Validation report. The validation must produce a written report that documents:
- The scope and approach of the validation
- Findings, both positive and negative
- An overall assessment of model fitness for use
- Conditions or restrictions on use (if applicable)
- Required remediations before deployment (if applicable)
- Recommended monitoring and ongoing validation activities
Pillar 3: Ongoing Monitoring
Models are not static. Their performance changes over time as the world changes around them. SR 11-7 requires ongoing monitoring to detect and address model degradation.
Performance monitoring. Track model accuracy, error rates, and other performance metrics in production:
- Compare production performance to development and validation benchmarks
- Track performance over time to identify trends and degradation
- Break performance down by relevant segments (geography, customer type, product line)

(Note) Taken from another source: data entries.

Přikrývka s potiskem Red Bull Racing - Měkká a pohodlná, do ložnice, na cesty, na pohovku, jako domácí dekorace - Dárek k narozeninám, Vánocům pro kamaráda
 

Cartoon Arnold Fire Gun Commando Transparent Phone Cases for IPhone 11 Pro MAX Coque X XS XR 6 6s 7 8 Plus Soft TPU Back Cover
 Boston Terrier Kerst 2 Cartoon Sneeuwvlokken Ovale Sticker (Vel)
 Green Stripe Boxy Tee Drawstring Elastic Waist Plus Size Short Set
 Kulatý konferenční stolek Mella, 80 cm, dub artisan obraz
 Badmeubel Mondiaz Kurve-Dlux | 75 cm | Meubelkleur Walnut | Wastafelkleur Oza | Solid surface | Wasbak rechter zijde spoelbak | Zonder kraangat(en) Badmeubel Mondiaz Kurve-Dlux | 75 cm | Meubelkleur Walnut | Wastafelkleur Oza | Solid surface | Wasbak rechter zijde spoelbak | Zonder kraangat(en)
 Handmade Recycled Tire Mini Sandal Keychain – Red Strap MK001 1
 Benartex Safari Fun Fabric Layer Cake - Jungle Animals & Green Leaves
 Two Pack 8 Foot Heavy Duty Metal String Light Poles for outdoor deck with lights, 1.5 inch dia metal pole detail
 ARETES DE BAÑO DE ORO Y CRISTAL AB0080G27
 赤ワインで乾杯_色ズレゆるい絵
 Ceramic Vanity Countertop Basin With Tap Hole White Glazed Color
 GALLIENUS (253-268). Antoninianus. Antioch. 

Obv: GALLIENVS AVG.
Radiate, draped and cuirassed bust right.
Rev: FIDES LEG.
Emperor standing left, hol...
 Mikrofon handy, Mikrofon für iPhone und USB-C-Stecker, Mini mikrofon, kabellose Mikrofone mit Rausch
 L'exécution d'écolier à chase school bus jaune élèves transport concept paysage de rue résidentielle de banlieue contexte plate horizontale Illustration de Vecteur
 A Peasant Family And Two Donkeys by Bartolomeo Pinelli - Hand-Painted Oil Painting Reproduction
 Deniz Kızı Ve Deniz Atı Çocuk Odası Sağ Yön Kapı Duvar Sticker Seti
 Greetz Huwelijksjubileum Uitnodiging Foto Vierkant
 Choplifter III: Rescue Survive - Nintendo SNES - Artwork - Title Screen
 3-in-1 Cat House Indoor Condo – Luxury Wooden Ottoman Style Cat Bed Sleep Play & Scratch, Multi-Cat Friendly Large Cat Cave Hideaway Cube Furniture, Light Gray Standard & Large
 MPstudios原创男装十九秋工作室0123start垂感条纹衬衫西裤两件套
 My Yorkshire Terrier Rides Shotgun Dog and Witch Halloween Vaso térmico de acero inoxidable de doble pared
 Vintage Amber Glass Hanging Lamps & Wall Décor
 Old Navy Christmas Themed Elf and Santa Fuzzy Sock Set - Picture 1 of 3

- Set thresholds that trigger action when performance degrades
Outcomes analysis. Compare model predictions to actual outcomes:
- Back-test predictions against realized results
- Track prediction accuracy by segment and over time
- Investigate systematic over- or under-prediction
Stability monitoring. Monitor for changes in model inputs and behavior:
- Track input data distributions for drift
- Monitor feature importance stability
- Track output distribution changes
- Identify changes in the model's operating environment that may affect validity
Periodic revalidation. Conduct full revalidation on a regular schedule:
- Annual revalidation for high-risk models
- Revalidation triggered by material changes (new data, model updates, use case changes)
- Revalidation triggered by monitoring alerts (significant performance degradation, drift)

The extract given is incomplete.